| DIRECTIONS FOR THIS TASK |
Reproduce exactly the lines of this material that begin at the line with "Coytesville sulle Palisades" and end at the line with "Electric Frozen Fruit", both included. Omit the pictures and everything else.

| EXERCISE INPUT |
• • • •

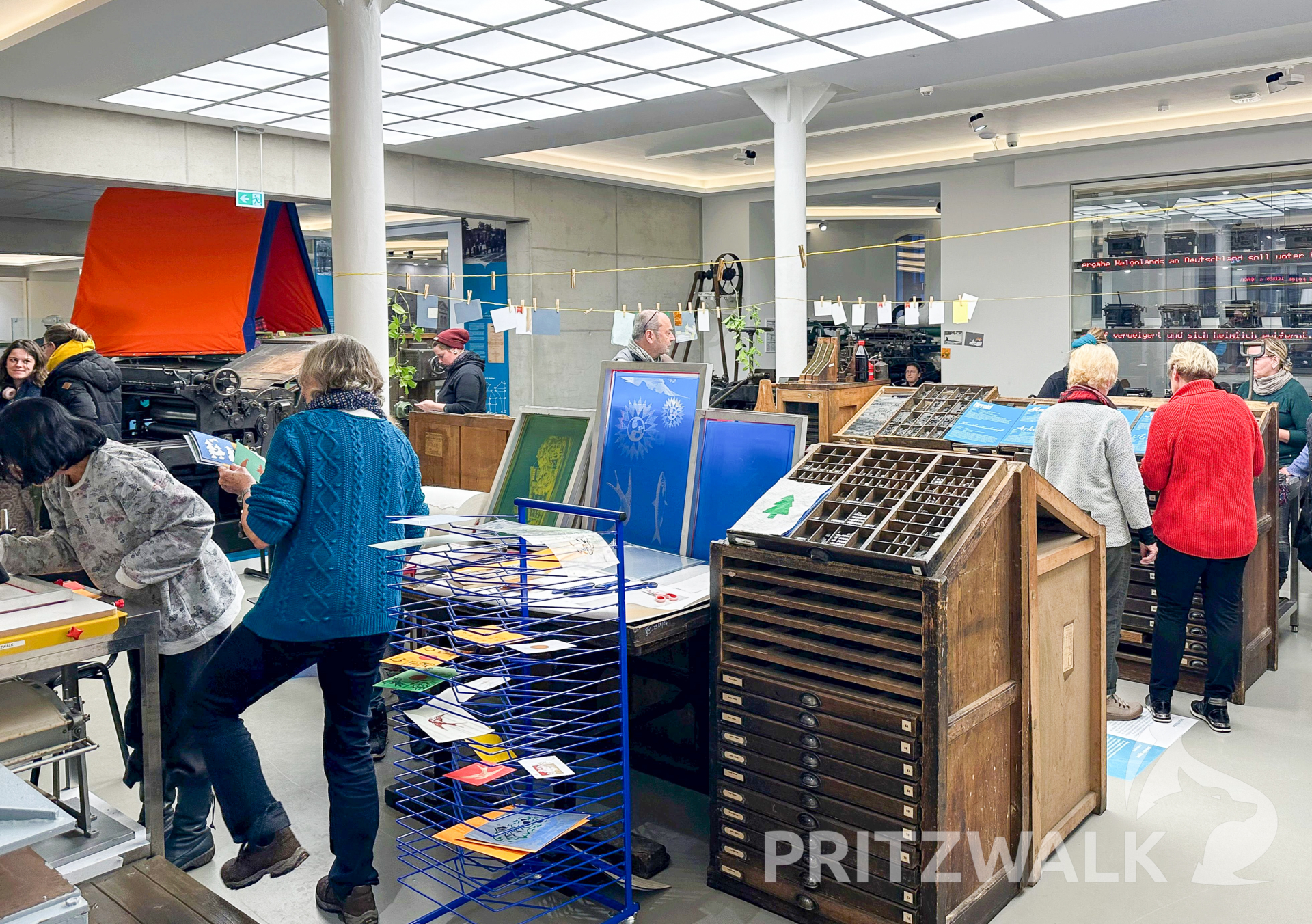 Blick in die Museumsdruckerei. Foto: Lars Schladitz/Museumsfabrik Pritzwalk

• • • •

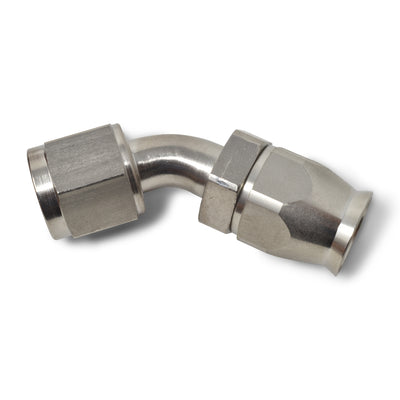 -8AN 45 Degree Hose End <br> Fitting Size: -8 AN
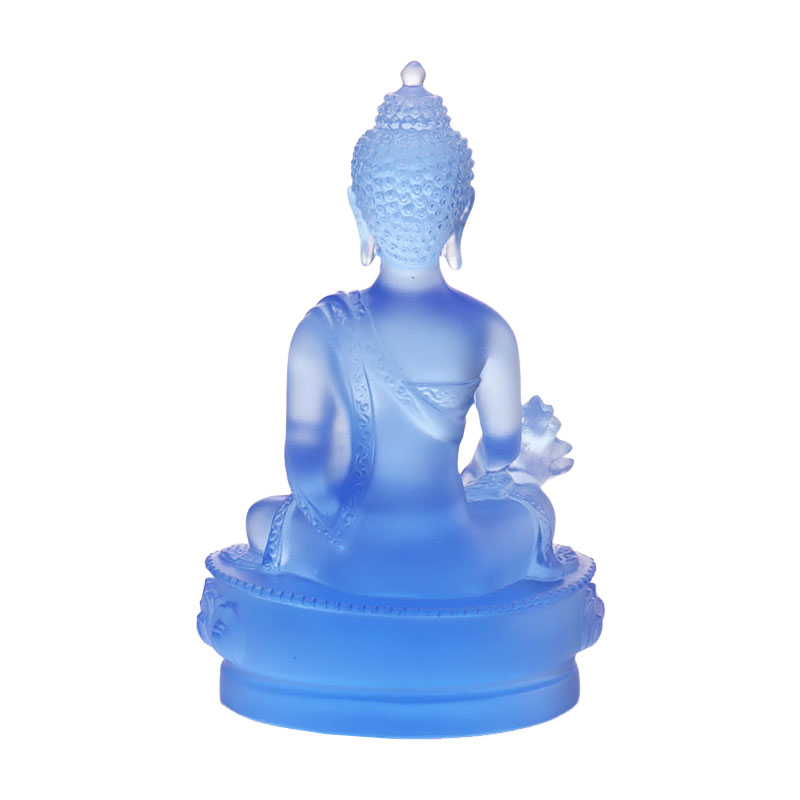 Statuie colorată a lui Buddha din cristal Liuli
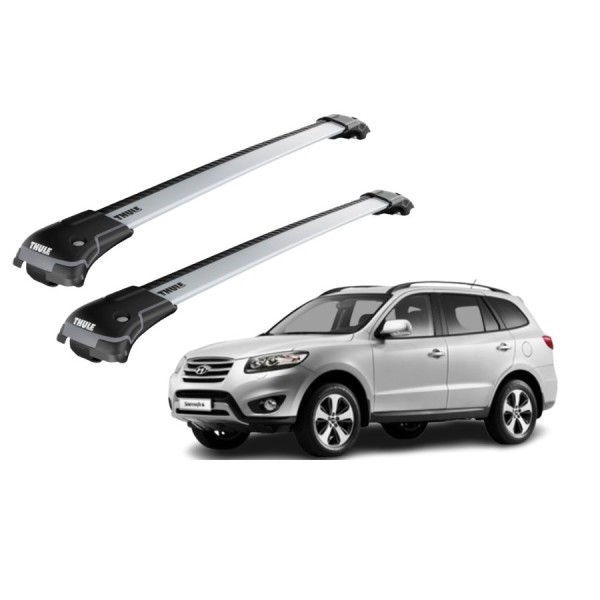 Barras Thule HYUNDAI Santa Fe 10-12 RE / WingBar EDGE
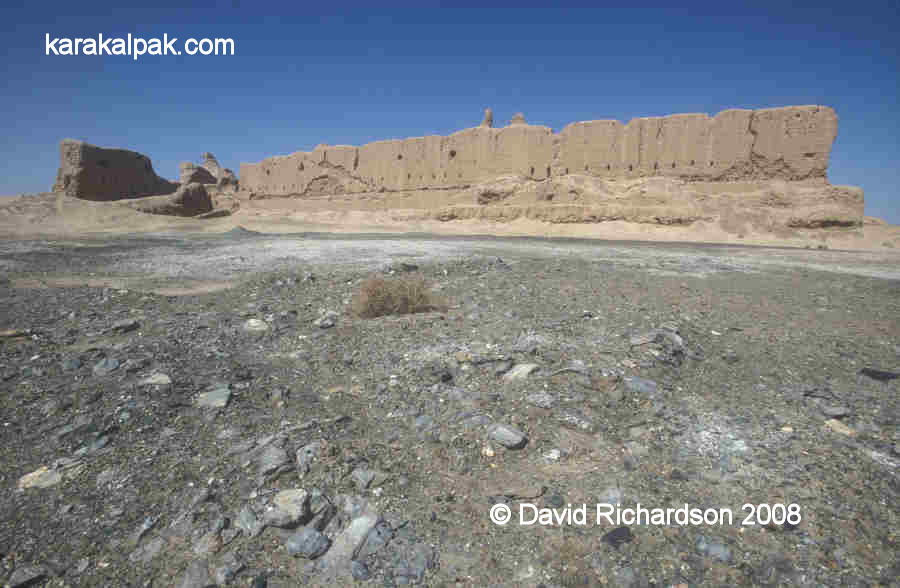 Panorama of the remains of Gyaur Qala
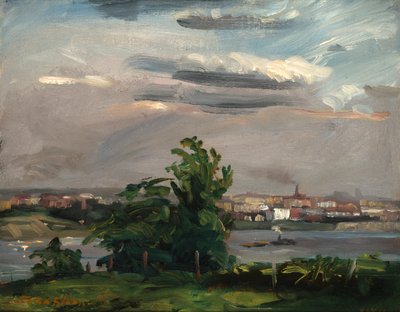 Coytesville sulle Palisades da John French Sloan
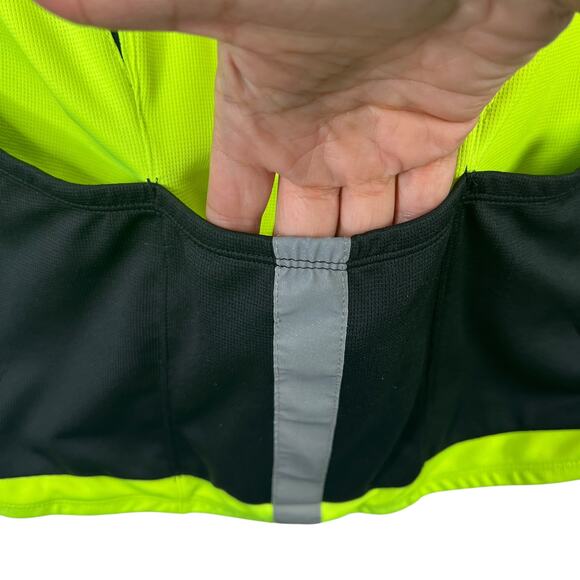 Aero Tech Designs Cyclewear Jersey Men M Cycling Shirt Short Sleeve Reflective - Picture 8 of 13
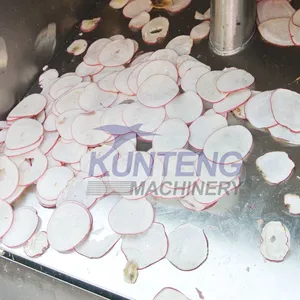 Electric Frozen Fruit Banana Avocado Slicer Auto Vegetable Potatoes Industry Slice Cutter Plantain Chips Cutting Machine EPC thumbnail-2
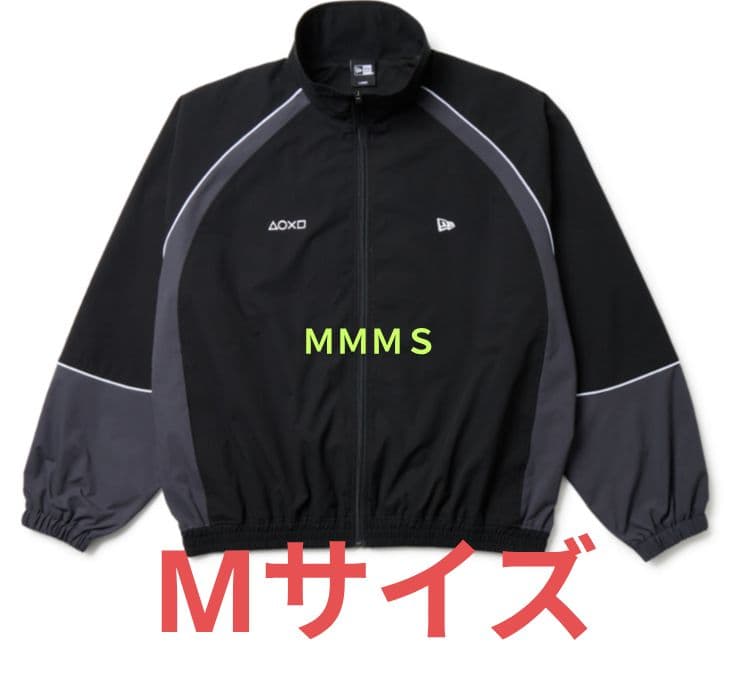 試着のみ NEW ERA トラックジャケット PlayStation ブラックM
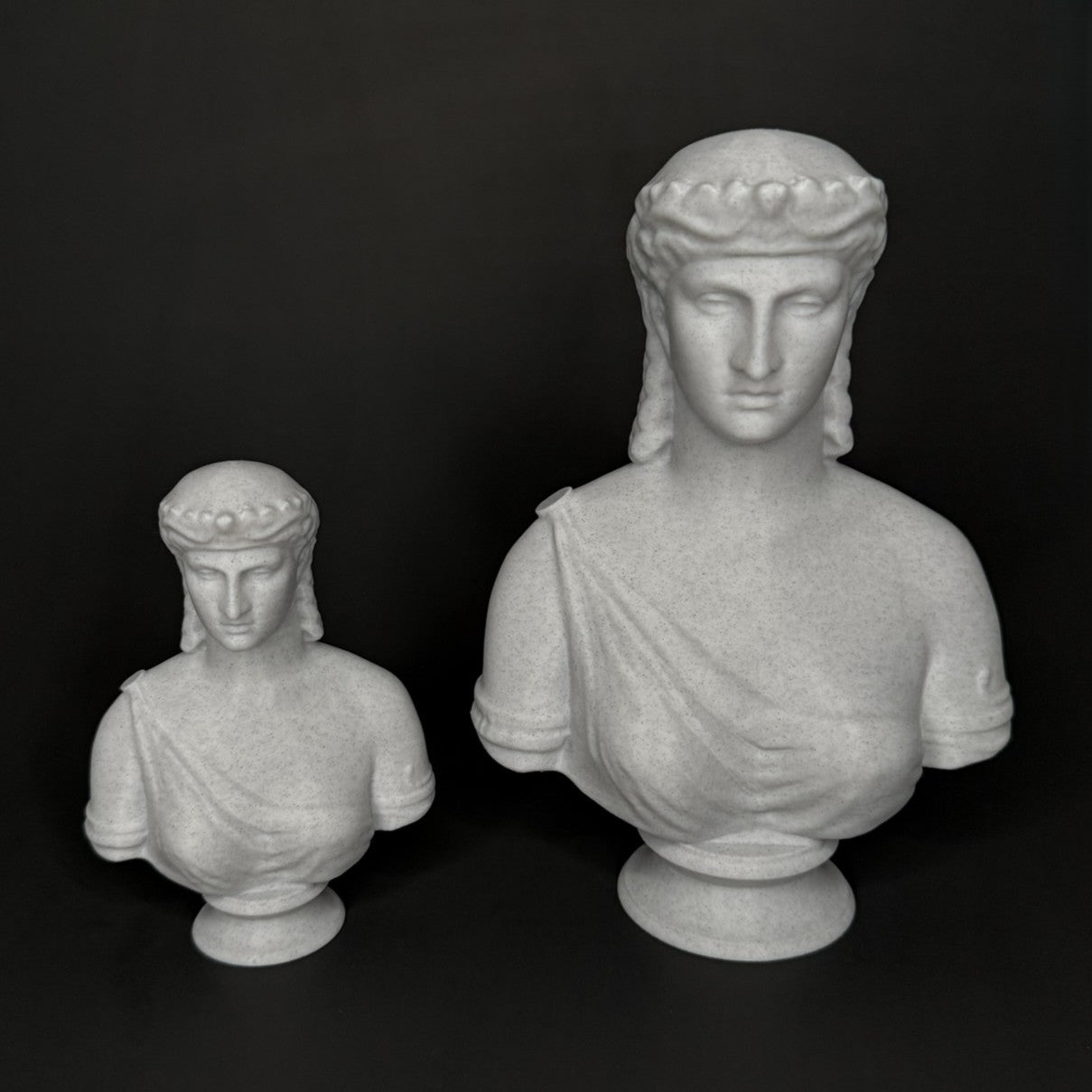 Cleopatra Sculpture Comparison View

• • • •

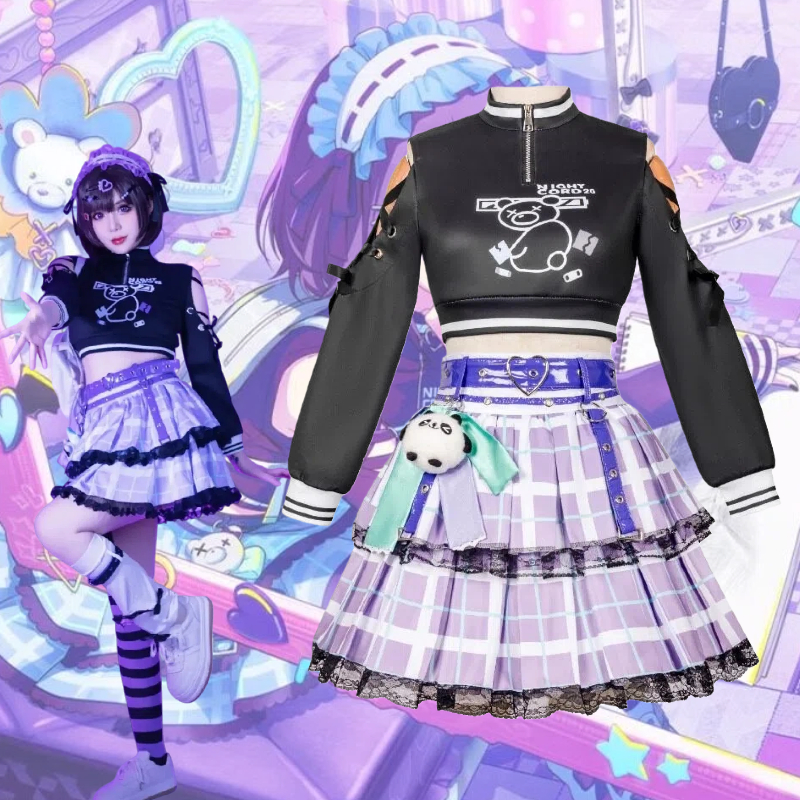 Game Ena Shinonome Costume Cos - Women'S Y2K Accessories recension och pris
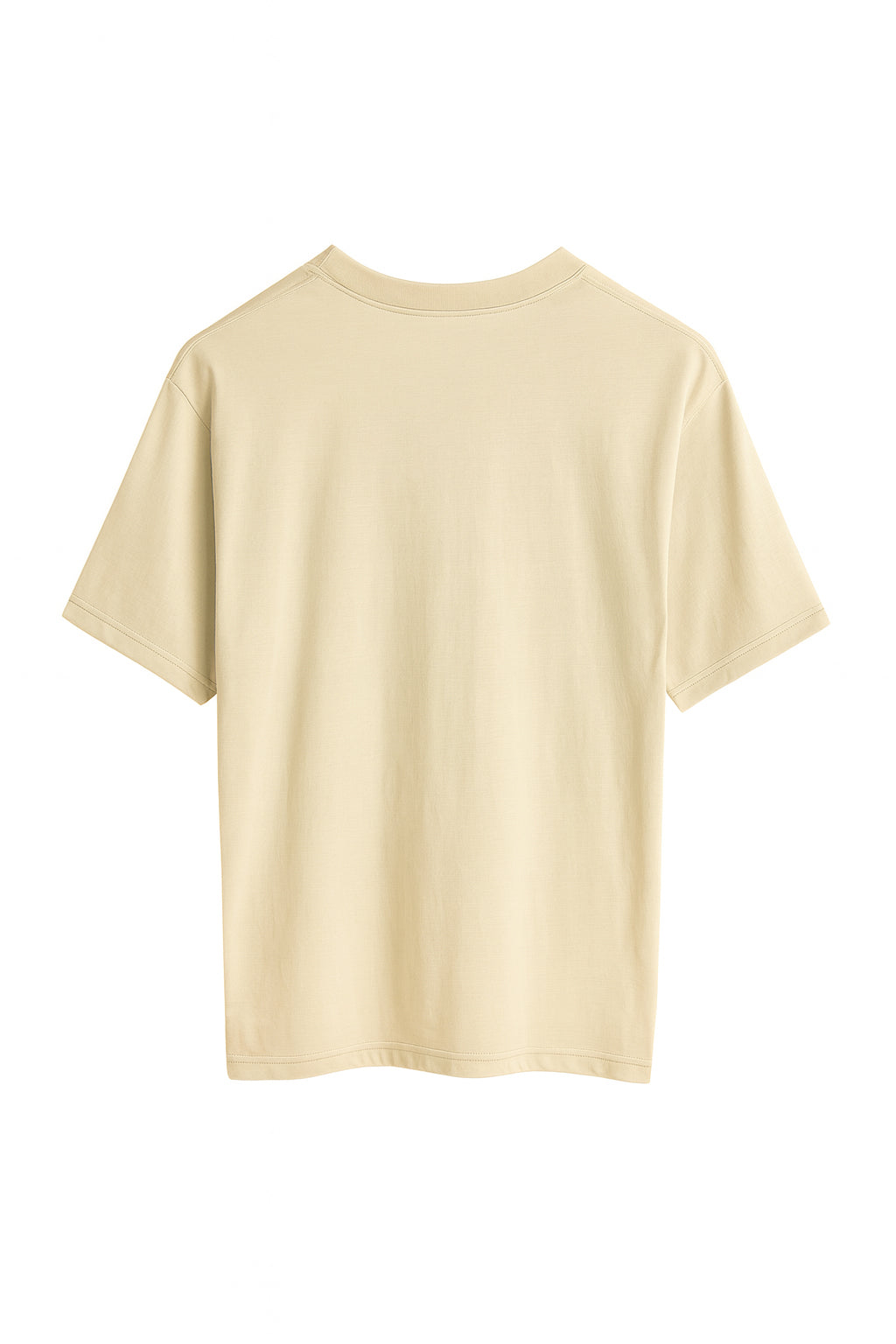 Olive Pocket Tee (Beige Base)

• • • •

| REPLY |
 Coytesville sulle Palisades da John French Sloan
 Aero Tech Designs Cyclewear Jersey Men M Cycling Shirt Short Sleeve Reflective - Picture 8 of 13
 Electric Frozen Fruit Banana Avocado Slicer Auto Vegetable Potatoes Industry Slice Cutter Plantain Chips Cutting Machine EPC thumbnail-2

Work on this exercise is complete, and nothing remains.